The hourglass effect in source-target dependency networks
Abstract
Many hierarchically modular systems are structured in a way that resembles the shape of an hourglass: the system generates many outputs from many inputs through a relatively small number of intermediate modules that are critical for the operation of the entire system,referred to as the waist of the hourglass.We first investigate the hourglass effect in hierarchical, but not necessarily layered, dependency networks. Our analysis focuses on the number of source-to-target dependency paths that traverse each vertex. We identify the core of a dependency network as the smallest set of vertices that collectively cover a given fraction of all dependency paths.
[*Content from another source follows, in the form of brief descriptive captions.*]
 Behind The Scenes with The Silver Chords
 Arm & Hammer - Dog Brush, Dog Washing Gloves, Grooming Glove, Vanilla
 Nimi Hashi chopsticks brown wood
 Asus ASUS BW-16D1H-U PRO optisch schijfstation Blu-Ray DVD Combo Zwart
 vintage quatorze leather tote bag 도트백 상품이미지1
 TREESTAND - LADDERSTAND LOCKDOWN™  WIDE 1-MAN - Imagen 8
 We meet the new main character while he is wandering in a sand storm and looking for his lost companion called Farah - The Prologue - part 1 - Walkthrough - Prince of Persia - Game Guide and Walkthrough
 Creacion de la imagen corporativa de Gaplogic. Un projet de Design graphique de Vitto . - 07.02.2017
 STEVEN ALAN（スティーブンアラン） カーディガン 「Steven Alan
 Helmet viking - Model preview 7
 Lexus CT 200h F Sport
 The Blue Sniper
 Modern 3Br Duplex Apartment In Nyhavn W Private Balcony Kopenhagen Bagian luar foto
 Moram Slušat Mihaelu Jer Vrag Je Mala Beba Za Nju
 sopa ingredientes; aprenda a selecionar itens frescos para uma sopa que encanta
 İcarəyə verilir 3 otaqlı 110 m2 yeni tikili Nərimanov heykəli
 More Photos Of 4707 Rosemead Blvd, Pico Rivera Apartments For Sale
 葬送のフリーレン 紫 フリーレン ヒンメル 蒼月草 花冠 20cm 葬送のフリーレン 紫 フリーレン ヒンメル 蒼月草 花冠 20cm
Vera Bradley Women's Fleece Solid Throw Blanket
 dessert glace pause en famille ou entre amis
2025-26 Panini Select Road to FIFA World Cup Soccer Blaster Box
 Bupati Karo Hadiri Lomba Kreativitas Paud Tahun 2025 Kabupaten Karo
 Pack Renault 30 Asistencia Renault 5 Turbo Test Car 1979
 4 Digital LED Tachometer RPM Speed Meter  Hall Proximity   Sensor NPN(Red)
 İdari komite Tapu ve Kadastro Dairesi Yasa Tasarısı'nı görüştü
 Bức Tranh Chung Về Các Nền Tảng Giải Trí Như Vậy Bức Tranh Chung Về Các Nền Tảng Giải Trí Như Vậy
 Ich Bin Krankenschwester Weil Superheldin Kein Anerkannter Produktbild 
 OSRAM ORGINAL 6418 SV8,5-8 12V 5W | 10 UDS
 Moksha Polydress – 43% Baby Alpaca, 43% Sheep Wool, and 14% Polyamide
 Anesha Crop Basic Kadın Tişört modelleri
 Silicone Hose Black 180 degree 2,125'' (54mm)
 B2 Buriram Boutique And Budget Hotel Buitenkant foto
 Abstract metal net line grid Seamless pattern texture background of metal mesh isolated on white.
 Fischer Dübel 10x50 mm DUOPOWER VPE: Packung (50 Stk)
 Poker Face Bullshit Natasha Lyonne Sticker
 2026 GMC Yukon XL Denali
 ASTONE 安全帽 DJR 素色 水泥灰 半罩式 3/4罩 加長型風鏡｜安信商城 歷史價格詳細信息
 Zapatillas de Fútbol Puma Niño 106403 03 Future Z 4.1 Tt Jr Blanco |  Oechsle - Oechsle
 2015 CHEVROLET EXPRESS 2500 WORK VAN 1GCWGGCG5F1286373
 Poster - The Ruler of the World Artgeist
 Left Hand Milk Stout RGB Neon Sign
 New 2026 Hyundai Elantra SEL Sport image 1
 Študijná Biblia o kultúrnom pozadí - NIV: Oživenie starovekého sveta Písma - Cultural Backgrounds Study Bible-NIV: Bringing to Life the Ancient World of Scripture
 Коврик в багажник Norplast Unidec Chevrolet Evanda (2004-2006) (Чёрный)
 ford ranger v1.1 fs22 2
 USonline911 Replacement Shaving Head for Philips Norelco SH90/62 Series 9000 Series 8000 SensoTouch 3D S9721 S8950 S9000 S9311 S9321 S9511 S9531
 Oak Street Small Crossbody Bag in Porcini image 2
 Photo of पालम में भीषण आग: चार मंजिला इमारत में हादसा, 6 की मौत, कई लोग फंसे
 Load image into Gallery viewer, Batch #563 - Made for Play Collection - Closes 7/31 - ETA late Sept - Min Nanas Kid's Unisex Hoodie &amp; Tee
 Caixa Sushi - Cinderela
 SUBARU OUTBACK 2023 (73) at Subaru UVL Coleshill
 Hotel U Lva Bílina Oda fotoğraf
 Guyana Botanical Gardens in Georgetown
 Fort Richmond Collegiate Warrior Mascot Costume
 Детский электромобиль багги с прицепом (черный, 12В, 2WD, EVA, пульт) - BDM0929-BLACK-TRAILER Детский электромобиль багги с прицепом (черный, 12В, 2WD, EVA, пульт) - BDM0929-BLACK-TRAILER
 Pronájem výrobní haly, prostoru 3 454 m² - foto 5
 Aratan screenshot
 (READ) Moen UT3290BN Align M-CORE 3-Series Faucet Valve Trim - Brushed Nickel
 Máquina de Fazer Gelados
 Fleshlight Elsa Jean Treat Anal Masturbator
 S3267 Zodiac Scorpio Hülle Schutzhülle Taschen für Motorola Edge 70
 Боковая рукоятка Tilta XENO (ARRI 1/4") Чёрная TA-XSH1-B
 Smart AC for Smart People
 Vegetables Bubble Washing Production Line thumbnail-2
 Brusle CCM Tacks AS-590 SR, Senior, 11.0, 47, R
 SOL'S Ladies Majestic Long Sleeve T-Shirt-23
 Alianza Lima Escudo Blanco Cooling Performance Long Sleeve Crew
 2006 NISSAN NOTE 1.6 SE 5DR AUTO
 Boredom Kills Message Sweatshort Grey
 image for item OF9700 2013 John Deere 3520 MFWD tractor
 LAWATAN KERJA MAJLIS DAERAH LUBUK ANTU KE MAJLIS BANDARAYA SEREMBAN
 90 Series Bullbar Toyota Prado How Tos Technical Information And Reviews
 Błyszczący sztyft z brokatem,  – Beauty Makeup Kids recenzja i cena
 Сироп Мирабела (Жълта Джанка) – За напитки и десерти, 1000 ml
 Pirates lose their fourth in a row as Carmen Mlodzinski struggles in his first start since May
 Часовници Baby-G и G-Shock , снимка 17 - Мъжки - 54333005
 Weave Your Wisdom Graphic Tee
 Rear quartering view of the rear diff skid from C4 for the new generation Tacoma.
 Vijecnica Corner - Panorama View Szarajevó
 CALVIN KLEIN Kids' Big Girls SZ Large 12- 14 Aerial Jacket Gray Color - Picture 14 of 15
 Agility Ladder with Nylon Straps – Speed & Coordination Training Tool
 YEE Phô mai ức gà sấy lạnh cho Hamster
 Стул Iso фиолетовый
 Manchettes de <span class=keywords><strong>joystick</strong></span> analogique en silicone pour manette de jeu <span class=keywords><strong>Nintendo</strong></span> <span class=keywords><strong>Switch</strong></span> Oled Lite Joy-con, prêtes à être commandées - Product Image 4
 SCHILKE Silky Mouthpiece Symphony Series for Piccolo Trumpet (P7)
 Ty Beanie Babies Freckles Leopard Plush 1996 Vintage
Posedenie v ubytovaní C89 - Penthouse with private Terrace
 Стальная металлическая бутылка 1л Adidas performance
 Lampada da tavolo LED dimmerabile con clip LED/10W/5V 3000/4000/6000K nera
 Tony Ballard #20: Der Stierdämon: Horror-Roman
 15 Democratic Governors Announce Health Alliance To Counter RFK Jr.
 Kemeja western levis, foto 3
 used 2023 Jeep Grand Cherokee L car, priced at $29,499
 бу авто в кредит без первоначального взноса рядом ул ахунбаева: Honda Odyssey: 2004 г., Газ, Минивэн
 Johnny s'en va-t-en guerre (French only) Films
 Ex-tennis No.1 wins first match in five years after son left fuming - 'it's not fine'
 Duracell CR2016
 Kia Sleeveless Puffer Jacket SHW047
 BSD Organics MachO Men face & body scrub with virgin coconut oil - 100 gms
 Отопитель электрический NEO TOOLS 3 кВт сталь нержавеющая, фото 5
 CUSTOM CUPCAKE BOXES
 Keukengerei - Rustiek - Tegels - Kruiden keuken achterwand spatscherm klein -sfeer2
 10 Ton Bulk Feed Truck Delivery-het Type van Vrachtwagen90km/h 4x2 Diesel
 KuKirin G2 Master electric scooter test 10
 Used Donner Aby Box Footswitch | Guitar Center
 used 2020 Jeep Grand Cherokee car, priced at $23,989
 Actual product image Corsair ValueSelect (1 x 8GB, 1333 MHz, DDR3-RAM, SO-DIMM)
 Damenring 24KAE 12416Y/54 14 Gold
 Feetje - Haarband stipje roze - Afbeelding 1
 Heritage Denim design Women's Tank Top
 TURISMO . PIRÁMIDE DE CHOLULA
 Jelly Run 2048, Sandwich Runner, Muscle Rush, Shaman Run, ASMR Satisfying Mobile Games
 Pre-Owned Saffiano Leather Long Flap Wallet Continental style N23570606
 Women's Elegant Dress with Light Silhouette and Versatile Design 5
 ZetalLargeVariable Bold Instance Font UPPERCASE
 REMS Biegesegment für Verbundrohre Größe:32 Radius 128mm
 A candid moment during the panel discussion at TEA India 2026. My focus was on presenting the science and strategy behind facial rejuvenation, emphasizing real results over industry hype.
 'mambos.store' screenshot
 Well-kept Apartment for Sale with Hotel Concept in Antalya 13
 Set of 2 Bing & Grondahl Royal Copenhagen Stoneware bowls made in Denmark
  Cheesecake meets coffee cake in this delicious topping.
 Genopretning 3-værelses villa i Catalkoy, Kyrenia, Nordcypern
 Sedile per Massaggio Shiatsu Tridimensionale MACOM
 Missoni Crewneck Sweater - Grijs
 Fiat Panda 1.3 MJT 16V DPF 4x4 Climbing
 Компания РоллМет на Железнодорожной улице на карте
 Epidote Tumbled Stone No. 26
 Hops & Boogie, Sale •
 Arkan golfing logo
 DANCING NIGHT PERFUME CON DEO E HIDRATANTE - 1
We examine if a given network exhibits the hourglass property or not, comparing its core size with a “flat” (i.e., non-hierarchical) network that preserves the source dependencies of each target in the original network.As a possible explanation for the hourglass effect, we propose the “Reuse Preference”(RP) model that captures the bias of new modules to reuse intermediate modules of similar complexity instead of connecting directly to sources or low-complexity modules.We have applied this analysis in dependency networks that include technological, natural and information systems, showing that they exhibit the general hourglass property but to a varying degree and with different waist characteristics. We also compare the hour-glass analysis framework with existing network “core finding” methods and compare path centrality with other vertex centrality metrics. Finally, we extend our framework to networks that are not strictly hierarchical because they include feedback loops and lateral connections. In that context, we focus on the C. elegans brain network (connectome) and identify a core of ten neurons that almost all paths from sensory to motor neurons traverse. We explain the role of those neurons as a dimensionality reduction mechanism, compressing the information provided by the 88 sensory neurons into a smaller set of intermediate-complexity functions that are re-used by the 119 motor neurons.